A man whose wife was killed in the Shankill bomb is prepared to take legal action against the Stormont Executive over the delay in the delivery of a victims' pension scheme.
It has been held up due to a stand-off between Belfast and London over who pays the estimated £100m cost.
The first stage in the potential legal action will begin today.
It will focus on the Executive's "failure to comply with legislation to provide payments for those severely injured through no fault of their own during the Troubles in Northern Ireland".
The Victims' Payment Scheme had been due to open for applications on May 29.
However, that won't now happen, and structures passed into law in January to administer the scheme have not been set up.
Alan McBride, coordinator of the WAVE trauma centre, who lost his wife Sharon and father-in-law Desmond Frizzell in the IRA's 1993 bombing of the family's fish shop, is behind the legal action. WAVE last night indicated that, depending on the Executive Office's response to a pre-action protocol letter asking for an explanation, a decision will be made whether or not to apply for a judicial review of the Executive's conduct.
Northern Ireland's Victims' Commissioner has accused the authorities of adding insult to the injury sustained by thousands of conflict survivors.
In a scathing critique of Downing Street and Stormont, Judith Thompson said victims had once again been allowed to slip down the list of priorities.
"So people who wore their injuries well and fought a long, hard fight to get some recognition and a standard of living now suddenly find their perception is that this is all slipping away from under their feet. It is incredibly cruel," she said.
DUP leader Arlene Foster said: "This pension was a massive step forward for innocent victims. I have spoken with the Secretary of State and urged him to stand by the legislation passed in Westminster and fund the pension.
"It is unseemly that these deserving people are being let down due to the Government not releasing funding. The Northern Ireland Civil Service will administer the scheme, but Treasury needs to release funds for Northern Ireland to afford the pension."
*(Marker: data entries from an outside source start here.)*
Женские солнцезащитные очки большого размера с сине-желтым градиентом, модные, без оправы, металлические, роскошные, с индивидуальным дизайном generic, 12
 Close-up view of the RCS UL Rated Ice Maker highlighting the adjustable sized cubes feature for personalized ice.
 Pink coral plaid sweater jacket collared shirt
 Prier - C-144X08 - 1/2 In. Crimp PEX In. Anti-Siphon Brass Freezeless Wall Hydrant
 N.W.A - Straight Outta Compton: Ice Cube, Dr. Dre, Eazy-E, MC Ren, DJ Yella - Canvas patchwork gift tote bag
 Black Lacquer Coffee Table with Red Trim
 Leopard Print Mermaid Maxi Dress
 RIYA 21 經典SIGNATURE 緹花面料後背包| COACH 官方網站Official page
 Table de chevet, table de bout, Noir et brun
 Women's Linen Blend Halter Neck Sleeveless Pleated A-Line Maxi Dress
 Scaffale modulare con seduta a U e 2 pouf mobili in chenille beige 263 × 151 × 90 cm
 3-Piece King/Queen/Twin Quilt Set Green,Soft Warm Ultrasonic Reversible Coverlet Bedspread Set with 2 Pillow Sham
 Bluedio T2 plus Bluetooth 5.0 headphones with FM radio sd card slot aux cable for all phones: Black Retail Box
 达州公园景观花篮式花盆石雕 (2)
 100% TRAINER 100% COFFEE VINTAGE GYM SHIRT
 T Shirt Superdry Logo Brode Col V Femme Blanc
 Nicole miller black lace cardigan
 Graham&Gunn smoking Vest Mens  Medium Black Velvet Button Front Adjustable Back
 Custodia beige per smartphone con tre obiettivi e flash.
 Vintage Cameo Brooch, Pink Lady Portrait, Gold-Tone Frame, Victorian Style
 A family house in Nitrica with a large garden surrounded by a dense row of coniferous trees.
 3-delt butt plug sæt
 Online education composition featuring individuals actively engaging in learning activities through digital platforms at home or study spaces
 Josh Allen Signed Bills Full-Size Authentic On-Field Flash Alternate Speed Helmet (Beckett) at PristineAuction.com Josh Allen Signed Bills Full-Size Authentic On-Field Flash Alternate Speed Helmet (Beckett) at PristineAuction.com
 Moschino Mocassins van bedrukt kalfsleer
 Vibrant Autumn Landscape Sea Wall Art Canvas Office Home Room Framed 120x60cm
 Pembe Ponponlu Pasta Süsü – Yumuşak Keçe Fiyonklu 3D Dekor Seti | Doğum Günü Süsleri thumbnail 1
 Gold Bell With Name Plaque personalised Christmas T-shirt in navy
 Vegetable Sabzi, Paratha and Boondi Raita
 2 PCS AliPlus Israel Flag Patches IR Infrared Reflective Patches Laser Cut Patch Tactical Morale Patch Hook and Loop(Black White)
Sinn Fein MLA Linda Dillon also called on the Treasury to finance the scheme. "Sinn Fein wants to see a pension in place and delivered to meet the needs of all victims," she said.
UUP MLA Doug Beattie branded the delay "a total disgrace". He said: "The handling of this has been shocking. We need to urgently hear from the Executive Office and the Northern Ireland Office. Victims deserve answers." SDLP MLA Dolores Kelly said: "It is disgraceful that posturing over who foots the bill is creating further delay and uncertainty for people who have already been forced to wait for far too long.
"This legislation was passed at Westminster with the support of local parties. Westminster therefore has a responsibility to supply the resources to deliver on the commitments the Government has made."
TUV leader Jim Allister said: "It is a telling indication of how high innocent victims feature on the agenda of the Executive parties that this issue was not nailed down as part of the New Decade, New Approach deal. Money could be found for Irish language and Ulster-Scots legislation. Commitments could be made in relation to legacy proposals, which have received a cool reception to say the least from innocent victims.
"But when it came to delivery of the pension already promised there was, again, failure. That is shameful."
An Alliance spokesman said: "In particular, it must be recognised the UK Government has a responsibility with respect to funding this pension, given its commitments in January. It would be unacceptable if these payments were further frustrated or delayed, letting victims down again."